--- START ---

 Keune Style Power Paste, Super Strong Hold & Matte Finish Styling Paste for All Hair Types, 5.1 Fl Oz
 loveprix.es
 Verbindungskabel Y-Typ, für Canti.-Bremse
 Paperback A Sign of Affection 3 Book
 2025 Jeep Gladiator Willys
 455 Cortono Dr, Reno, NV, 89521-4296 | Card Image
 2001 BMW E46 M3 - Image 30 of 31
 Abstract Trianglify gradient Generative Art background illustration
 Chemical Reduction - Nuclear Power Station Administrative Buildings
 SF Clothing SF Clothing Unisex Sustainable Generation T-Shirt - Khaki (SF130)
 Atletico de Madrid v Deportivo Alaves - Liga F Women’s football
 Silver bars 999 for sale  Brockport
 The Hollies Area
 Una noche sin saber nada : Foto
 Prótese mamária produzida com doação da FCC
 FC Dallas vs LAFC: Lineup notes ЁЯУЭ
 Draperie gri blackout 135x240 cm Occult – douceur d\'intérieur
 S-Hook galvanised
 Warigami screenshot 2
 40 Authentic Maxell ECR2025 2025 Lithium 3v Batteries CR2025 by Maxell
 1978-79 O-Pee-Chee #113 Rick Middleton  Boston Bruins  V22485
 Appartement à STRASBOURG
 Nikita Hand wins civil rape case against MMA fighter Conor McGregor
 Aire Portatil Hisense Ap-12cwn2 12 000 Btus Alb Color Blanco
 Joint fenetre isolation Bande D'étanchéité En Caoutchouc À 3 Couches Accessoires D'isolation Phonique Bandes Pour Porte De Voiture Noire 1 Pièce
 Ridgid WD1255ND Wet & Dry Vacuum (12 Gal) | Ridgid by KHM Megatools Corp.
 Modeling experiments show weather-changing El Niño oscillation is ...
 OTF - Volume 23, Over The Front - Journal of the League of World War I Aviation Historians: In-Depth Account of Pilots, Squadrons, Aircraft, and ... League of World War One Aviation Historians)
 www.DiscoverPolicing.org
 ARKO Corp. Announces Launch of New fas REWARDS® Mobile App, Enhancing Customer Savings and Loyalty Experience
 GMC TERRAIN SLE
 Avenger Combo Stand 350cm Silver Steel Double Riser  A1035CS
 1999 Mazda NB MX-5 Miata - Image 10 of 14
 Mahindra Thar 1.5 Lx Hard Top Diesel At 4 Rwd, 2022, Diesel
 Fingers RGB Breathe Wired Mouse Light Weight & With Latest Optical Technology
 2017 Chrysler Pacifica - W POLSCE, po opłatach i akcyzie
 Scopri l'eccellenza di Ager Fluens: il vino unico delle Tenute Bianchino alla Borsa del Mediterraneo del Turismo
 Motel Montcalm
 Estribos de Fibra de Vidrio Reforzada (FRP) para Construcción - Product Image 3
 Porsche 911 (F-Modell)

--- END ---

Looking at the data above, report how many of its lines include the word "Power". The number alone is the answer.

OUTPUT OF THE TASK >>
2